(Beginning of Excerpted records)

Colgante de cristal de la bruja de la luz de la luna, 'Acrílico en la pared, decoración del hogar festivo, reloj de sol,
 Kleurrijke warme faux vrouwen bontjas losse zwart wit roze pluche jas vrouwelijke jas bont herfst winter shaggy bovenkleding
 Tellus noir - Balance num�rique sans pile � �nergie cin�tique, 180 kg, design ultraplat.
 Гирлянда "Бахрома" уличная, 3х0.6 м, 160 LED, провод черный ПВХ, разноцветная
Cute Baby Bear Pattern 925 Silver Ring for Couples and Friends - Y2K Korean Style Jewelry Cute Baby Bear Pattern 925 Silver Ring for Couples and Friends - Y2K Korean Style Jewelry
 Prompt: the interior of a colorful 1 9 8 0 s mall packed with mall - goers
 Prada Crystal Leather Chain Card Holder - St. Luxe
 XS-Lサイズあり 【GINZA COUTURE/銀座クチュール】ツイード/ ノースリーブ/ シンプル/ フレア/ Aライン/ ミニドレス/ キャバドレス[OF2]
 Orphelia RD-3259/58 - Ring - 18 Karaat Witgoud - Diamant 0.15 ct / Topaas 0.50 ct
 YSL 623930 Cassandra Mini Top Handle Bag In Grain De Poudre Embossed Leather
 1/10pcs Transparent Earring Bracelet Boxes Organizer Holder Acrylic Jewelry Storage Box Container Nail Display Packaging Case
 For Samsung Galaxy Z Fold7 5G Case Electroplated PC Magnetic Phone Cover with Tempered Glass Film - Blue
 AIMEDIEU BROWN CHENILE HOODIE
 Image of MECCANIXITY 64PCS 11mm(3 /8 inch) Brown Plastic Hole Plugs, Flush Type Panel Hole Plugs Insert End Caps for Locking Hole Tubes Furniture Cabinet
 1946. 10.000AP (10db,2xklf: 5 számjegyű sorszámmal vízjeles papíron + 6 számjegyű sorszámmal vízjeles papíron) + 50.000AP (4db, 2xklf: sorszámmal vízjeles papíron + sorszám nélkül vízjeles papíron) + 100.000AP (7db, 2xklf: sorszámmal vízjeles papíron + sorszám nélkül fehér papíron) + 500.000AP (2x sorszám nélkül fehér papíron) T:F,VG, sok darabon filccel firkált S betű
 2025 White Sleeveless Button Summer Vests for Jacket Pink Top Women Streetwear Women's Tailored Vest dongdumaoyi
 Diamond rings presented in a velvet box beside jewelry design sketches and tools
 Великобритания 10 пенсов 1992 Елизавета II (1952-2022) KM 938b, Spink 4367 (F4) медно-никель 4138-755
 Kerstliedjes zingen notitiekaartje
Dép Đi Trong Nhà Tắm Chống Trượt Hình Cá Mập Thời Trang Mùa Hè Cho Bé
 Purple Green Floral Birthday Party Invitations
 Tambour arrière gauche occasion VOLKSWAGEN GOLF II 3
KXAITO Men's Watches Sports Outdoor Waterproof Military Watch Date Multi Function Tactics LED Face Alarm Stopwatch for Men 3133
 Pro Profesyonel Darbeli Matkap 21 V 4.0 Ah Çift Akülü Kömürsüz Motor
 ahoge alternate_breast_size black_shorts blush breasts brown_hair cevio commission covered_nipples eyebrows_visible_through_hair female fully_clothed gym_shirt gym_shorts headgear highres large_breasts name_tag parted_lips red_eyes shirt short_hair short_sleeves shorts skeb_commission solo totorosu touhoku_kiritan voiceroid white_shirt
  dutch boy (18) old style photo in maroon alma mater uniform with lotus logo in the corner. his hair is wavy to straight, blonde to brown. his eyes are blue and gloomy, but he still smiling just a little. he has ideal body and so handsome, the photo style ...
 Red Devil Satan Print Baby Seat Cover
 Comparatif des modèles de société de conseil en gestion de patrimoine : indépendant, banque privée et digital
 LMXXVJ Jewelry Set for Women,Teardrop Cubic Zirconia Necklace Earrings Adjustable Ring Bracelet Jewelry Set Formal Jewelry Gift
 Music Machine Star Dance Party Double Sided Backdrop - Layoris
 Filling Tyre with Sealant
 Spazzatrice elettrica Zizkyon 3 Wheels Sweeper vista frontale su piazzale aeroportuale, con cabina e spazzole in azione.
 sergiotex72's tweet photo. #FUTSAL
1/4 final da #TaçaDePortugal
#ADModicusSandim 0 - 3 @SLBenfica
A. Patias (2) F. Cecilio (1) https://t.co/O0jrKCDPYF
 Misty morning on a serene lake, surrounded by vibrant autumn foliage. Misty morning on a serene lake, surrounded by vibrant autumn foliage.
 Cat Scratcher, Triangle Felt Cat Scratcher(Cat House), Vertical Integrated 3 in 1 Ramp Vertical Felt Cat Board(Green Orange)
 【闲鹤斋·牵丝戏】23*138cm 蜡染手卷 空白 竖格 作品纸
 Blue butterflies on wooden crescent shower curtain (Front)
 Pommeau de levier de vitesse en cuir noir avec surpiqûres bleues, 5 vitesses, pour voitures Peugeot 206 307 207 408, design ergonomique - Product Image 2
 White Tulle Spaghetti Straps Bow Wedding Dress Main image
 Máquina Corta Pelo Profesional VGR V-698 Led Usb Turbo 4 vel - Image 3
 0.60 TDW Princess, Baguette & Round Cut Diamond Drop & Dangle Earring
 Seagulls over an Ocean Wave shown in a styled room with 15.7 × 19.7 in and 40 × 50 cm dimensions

(End of Excerpted records)

Work request
Please show, exactly as written, every line above that contains the word "with".

Solution
 Prompt: the interior of a colorful 1 9 8 0 s mall packed with mall - goers
 For Samsung Galaxy Z Fold7 5G Case Electroplated PC Magnetic Phone Cover with Tempered Glass Film - Blue
  dutch boy (18) old style photo in maroon alma mater uniform with lotus logo in the corner. his hair is wavy to straight, blonde to brown. his eyes are blue and gloomy, but he still smiling just a little. he has ideal body and so handsome, the photo style ...
 Filling Tyre with Sealant
 Seagulls over an Ocean Wave shown in a styled room with 15.7 × 19.7 in and 40 × 50 cm dimensions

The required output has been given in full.